BEGIN RECORDS FOR THE EXERCISE

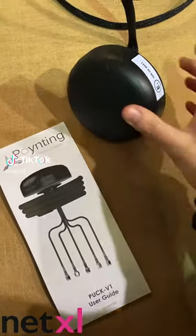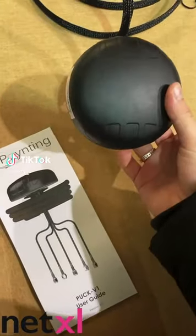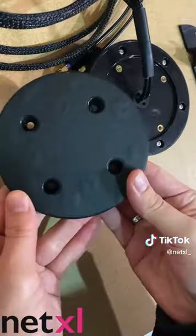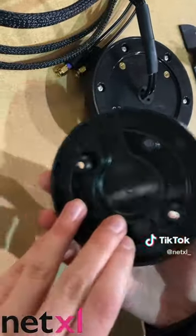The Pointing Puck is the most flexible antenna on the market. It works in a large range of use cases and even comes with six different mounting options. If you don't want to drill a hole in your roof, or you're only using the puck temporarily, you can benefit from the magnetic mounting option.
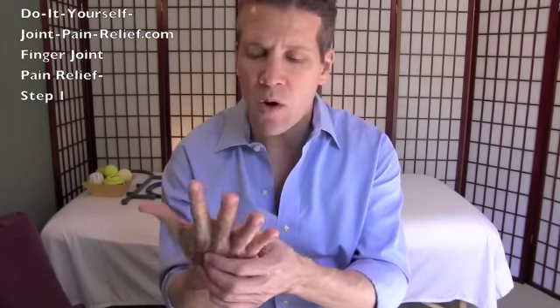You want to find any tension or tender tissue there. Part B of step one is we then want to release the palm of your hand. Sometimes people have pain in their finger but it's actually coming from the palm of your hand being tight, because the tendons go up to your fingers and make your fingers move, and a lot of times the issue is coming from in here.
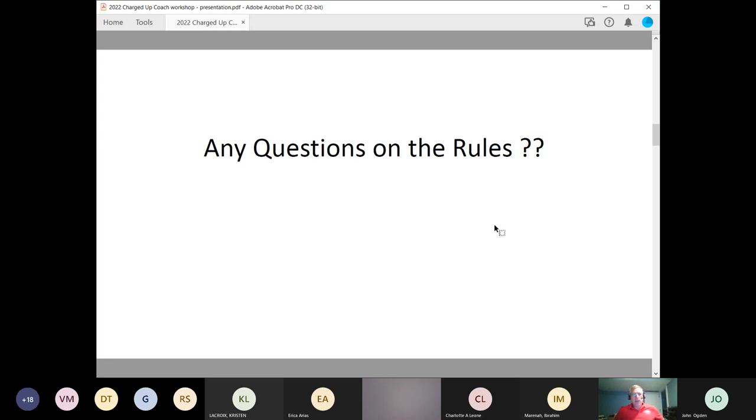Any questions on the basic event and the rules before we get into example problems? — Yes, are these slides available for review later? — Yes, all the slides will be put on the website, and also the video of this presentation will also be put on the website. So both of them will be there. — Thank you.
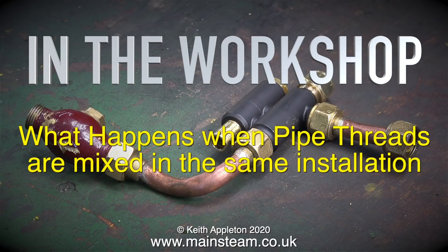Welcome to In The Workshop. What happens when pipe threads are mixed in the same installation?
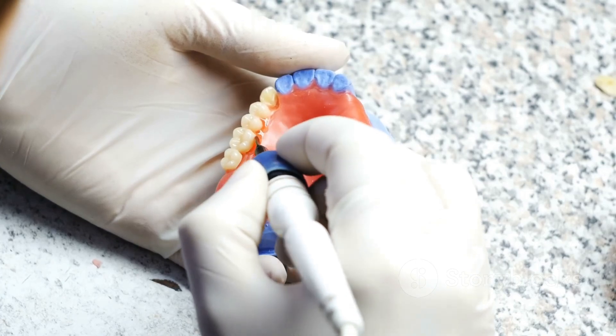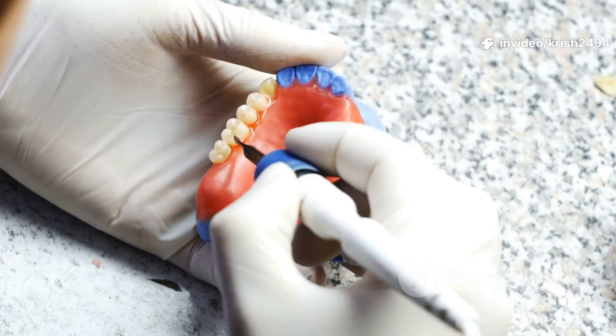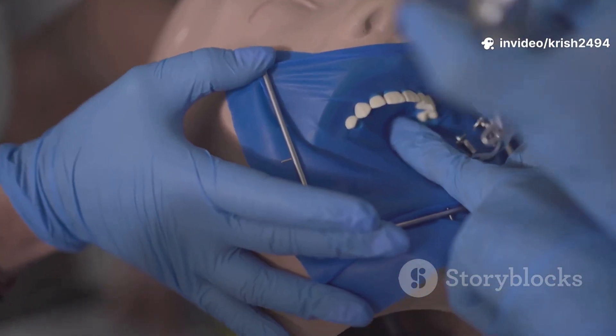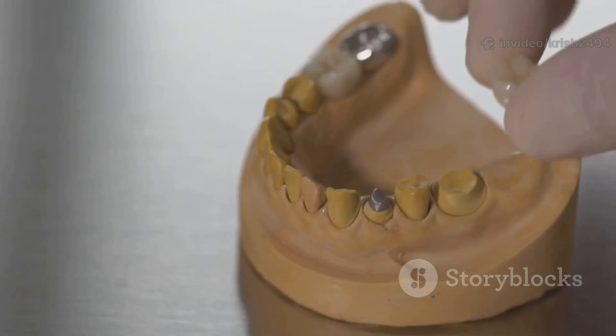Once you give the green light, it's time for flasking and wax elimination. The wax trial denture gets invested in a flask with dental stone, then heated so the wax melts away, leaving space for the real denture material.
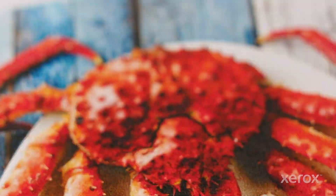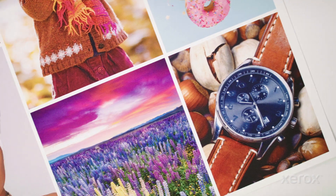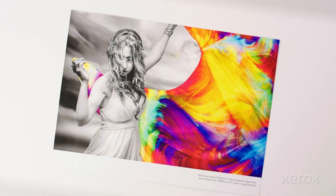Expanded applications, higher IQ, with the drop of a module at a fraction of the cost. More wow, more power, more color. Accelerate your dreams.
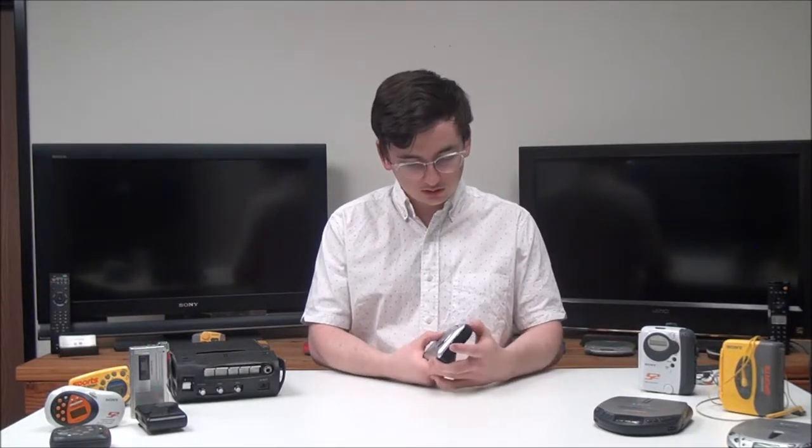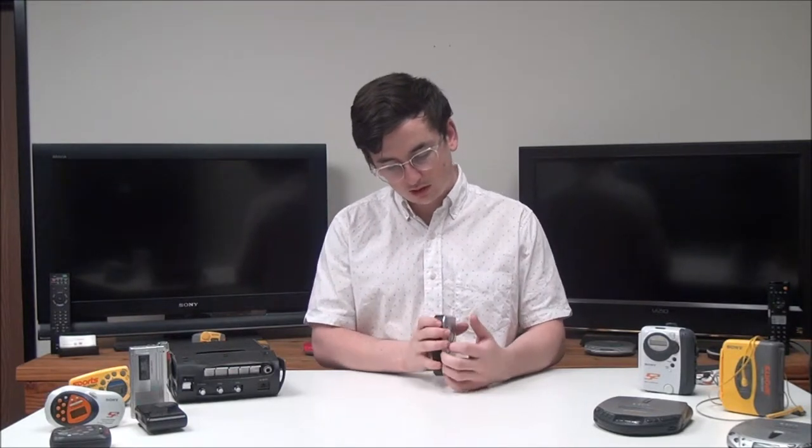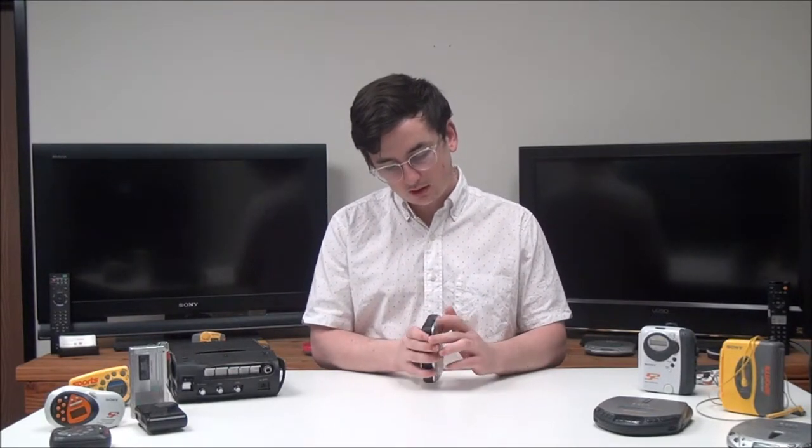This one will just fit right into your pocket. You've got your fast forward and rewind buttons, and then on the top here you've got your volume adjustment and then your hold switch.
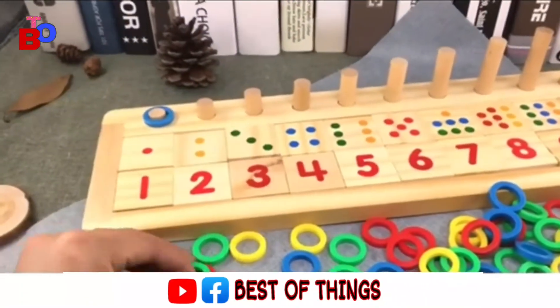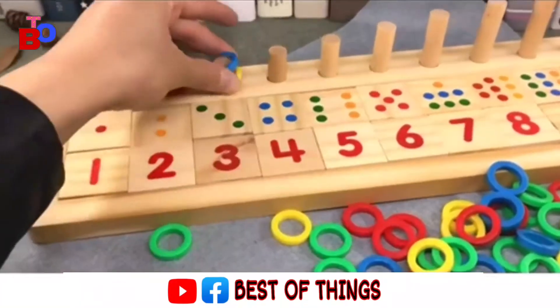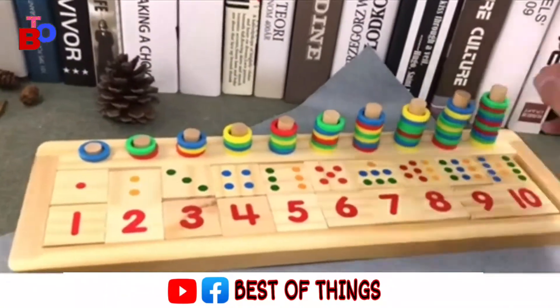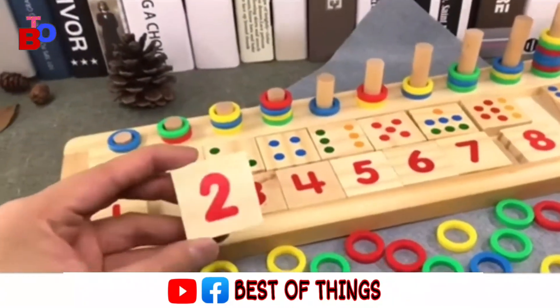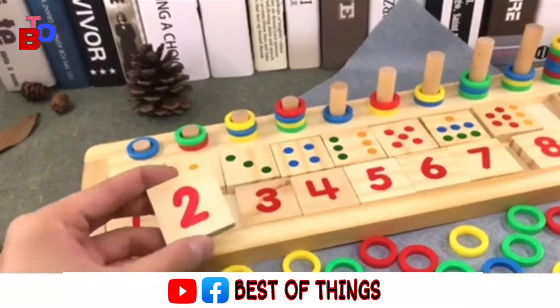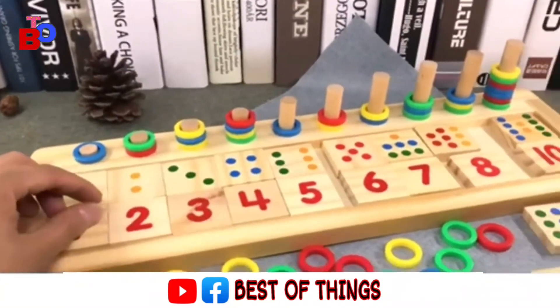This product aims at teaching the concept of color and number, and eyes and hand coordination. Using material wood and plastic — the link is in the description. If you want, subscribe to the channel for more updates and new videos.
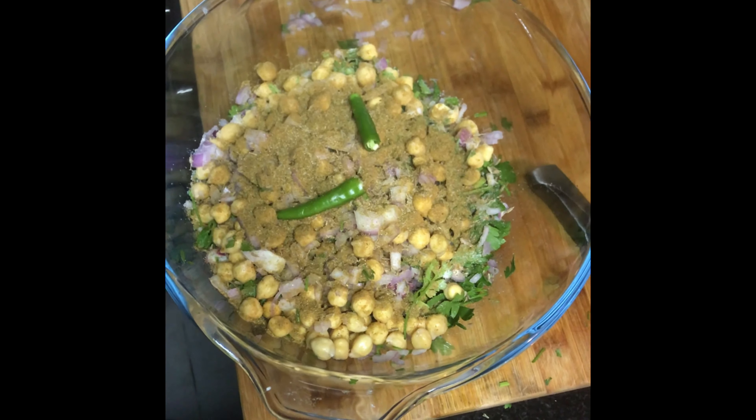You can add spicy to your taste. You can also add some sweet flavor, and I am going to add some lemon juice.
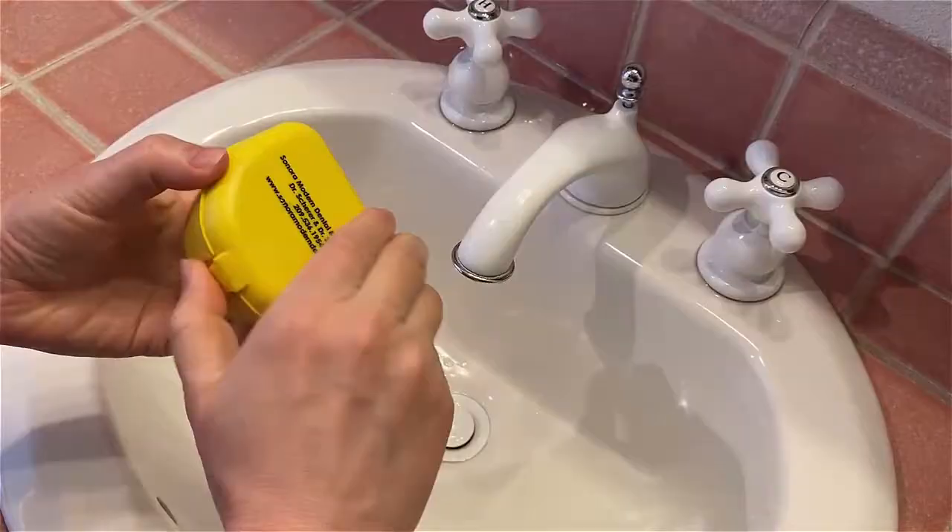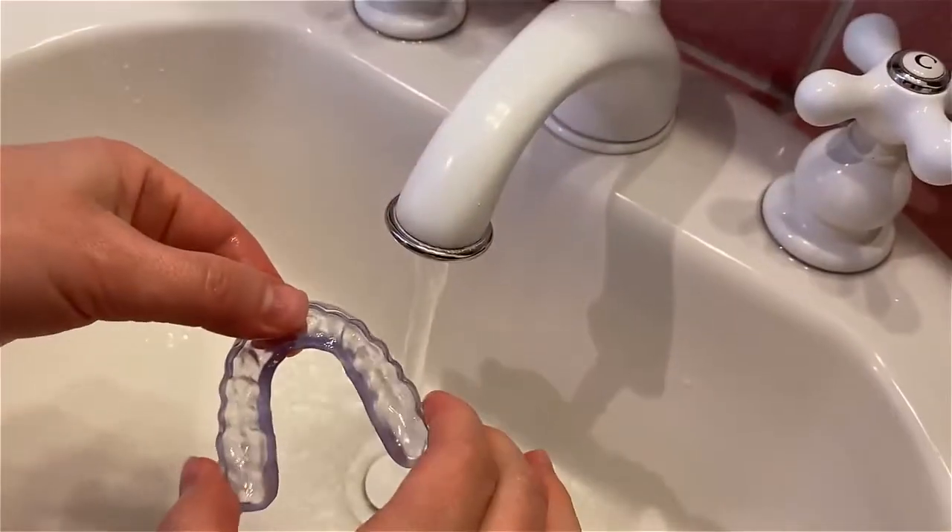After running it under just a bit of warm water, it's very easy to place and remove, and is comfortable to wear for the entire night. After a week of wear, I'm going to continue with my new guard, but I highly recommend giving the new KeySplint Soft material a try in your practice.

END RECORDS FOR THE EXERCISE

* _REQUIRED WORK_:
Each record above should be returned unchanged, except that the pictures are dropped.

* _RESPONSE_:
The Pointing Puck is the most flexible antenna on the market. It works in a large range of use cases and even comes with six different mounting options. If you don't want to drill a hole in your roof, or you're only using the puck temporarily, you can benefit from the magnetic mounting option.
You want to find any tension or tender tissue there. Part B of step one is we then want to release the palm of your hand. Sometimes people have pain in their finger but it's actually coming from the palm of your hand being tight, because the tendons go up to your fingers and make your fingers move, and a lot of times the issue is coming from in here.
Any questions on the basic event and the rules before we get into example problems? — Yes, are these slides available for review later? — Yes, all the slides will be put on the website, and also the video of this presentation will also be put on the website. So both of them will be there. — Thank you.
Welcome to In The Workshop. What happens when pipe threads are mixed in the same installation?
Once you give the green light, it's time for flasking and wax elimination. The wax trial denture gets invested in a flask with dental stone, then heated so the wax melts away, leaving space for the real denture material.
Expanded applications, higher IQ, with the drop of a module at a fraction of the cost. More wow, more power, more color. Accelerate your dreams.
This one will just fit right into your pocket. You've got your fast forward and rewind buttons, and then on the top here you've got your volume adjustment and then your hold switch.
This product aims at teaching the concept of color and number, and eyes and hand coordination. Using material wood and plastic — the link is in the description. If you want, subscribe to the channel for more updates and new videos.
You can add spicy to your taste. You can also add some sweet flavor, and I am going to add some lemon juice.
After running it under just a bit of warm water, it's very easy to place and remove, and is comfortable to wear for the entire night. After a week of wear, I'm going to continue with my new guard, but I highly recommend giving the new KeySplint Soft material a try in your practice.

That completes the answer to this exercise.